Karen Human Rights Group

More than twenty years of research, reports, data, images and videos shedding light on the human rights situation and the challenges faced by villagers and civilians in conflict-affected parts of Karen/Kayin State and other areas are available on the website of the Karen Human Rights Group (KHRG). The group’s detailed research and documentation over two decades has helped provide extraordinary insights into the challenges, injustices and difficulties experienced by ordinary people in conflict situations, and the many ways they have sought to survive and find solutions.

Services to Displaced Persons in Thailand

The Committee for Coordination of Services to Displaced Persons in Thailand (CCSDPT) was formed in 1975 as a communications network for non-governmental organisations (NGOs) working with the displaced in Thailand. At its largest, in 1981, the group’s membership included 52 agencies serving refugees from Laos, Vietnam and Cambodia.

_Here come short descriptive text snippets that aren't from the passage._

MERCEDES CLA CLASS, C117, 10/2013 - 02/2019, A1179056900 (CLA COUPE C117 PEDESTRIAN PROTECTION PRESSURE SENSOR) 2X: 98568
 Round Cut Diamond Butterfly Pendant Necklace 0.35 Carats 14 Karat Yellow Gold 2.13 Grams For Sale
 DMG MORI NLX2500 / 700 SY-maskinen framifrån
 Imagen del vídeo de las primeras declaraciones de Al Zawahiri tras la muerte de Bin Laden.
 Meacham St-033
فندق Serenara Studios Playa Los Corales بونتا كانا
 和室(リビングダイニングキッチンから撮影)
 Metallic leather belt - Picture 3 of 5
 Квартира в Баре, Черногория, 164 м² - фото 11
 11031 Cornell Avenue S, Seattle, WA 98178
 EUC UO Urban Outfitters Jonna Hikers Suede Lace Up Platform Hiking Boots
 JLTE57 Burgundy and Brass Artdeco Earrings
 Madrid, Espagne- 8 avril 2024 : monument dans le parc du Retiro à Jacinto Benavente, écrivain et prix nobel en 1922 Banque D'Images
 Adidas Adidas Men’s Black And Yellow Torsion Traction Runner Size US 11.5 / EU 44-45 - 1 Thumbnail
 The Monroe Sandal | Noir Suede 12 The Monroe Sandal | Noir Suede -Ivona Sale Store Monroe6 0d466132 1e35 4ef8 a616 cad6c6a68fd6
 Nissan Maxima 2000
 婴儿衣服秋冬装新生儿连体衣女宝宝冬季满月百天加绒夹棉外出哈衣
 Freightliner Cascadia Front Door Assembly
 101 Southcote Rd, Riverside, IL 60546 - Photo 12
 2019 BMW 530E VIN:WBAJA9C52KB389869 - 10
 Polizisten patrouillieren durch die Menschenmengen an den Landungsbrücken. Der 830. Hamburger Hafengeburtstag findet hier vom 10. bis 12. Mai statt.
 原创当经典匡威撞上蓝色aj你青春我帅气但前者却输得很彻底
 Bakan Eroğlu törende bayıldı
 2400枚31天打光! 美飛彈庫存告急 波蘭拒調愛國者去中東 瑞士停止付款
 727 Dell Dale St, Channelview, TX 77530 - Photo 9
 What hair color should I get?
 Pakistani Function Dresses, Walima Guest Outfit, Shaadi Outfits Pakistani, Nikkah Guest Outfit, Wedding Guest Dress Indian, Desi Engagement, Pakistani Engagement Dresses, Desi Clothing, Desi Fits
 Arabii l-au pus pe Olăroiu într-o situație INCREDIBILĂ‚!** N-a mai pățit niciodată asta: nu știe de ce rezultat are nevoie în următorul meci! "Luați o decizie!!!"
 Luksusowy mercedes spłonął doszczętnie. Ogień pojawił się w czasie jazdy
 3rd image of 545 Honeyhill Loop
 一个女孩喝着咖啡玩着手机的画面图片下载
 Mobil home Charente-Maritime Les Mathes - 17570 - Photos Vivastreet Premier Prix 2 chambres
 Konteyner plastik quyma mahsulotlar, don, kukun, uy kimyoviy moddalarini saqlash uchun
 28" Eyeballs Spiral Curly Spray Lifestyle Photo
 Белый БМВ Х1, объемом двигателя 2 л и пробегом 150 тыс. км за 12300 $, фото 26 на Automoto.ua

In mid-2017 it has 15 member organisations which work mainly in a variety of sectors in the nine camps for refugees from Burma/Myanmar.

Resources on the group’s website include links to all the members’ websites and information such as the CCSDPT-UNHCR Strategic Framework for Durable Solutions (November 2013: Version 5), and Standards and Principles in Voluntary Repatriation from Thailand to Myanmar.

UN Organisations

The Thailand offices of the International Organisation on Migration (IOM) and the United Nations Refugee Organisation (UNHCR) have conducted programmes and provided support to refugees in Thailand for many years and related resources can be found on their websites.

Myanmar Information Management Unit

The Myanmar Information Management Unit (MIMU) is a service providing key data and information and analysis to humanitarian actors in Burma/Myanmar. It provides a variety of data on southeast Myanmar, including information on the current situation, meetings and presentations, maps, and reports and publications from different organisations.